PC: A ideia é bastante simples. É o desenvolvimento orientado para o trânsito. E a forma urbana é a de pequenos blocos e pequenas ruas que são tranquilas e voltadas para pedestres e ciclistas. É um enorme desafio para o status quo, isto que vamos fazer, e mesmo assim o governo em todos os níveis está interessado. Eles dizem: "Isso faz sentido. Os gráficos sobem. Nós entendemos as razões..." Dei palestras em todos os níveis em toda a China. Todos entendem o quão profundamente falho é o que eles estão atualmente construindo. A fim de dar o próximo passo, eles fazem projetos-piloto. Eles dizem: "OK, vamos construir algumas dessas comunidades, de uso misto caminhávis e ver como elas funcionam. Então, podemos mudar de política. "Eles basicamente testam as ideias de unidade, e escolhem o que funciona. Temos seis projetos em construção na China. Todos eles são baseados em pequenos blocos, com ruas sem automóveis, dedicadas ao trânsito de pedestres e bicicletas.

MCP: Estes projetos localizam-se em cidades existentes ou em novas?

PC: Cidades existentes. Eles são muito científicos sobre o assunto. Nós produzimos um manual de projeto pois é importante comunicar não apenas a ideia, mas também fornecer uma metodologia passo-a-passo para desenvolvê-la. Os engenheiros na China são metódicos. Eles seguem seus livros de regras. Se conseguirmos um manual de projetos, podemos mudar radicalmente a forma como as cidades chinesas são construídas. Estamos começando a fazer o argumento de que foi feita em torno de Pruitt-Igoe e todos os erros com as habitações coletivas - que esses super blocos são também socialmente malignos. Eles criaram espaços intermediários ambíguos, que matam as cidades, pois não há um senso de identidade, segurança, lugar ou comunidade.
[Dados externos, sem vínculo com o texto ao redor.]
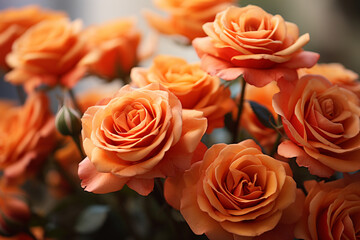 mehrere orangene Rosen in Bl&uuml;tezeit. Querformat. Generative Ai.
MCP: Eles respondem a esses argumentos?

PC: Sim, repondem. Eu mostro slides destes empreendimentos, e alguns deles têm cinco mil unidades de habitação em um superbloco. E eu faço a constatação, pois é verdade, de que as pessoas não se conhecem muito bem nesses ambientes. Então eu mostro alguns blocos urbanos mais antigos, onde há talvez trezentas ou quinhentas unidades por bloco, e ali as pessoas se conhecem. Portanto, há uma base social para isso, mas é menos quantificável. Você pode quantificar os impactos da qualidade do ar, congestionamentos e carbono. E isso é provavelmente o suficiente ali, para te dizer a verdade. Novamente, é um paradigma diferente. Está sendo testado em projetos-piloto, enquanto estamos tentando desenvolver materiais e políticas. Fomos ajudados pela Energy Foundation, que é um grande grupo, com sede em Bay Area.

Muitas das grandes fundações decidiram que ao invés de cada uma delas produzir seus próprios projetos de mudanças climáticas, o mais inteligente seria juntar o dinheiro e criar um programa de colaboração. A Energy Foundation é uma organização bem financiada que busca globalmente as melhores práticas para estagnar as alterações climáticas. A maioria de seus projetos envolvem tecnologia. É um coletor solar aqui, um parque eólico lá. Nós os convencemos de que o uso da terra desempenha um grande papel. É a fundação. Ela determina o que as necessidades humanas serão. O nível de demanda de energia é estabelecido pela qualidade de seu ambiente construído. A fundação entendeu o argumento, e estão nos apoiando nesse esforço.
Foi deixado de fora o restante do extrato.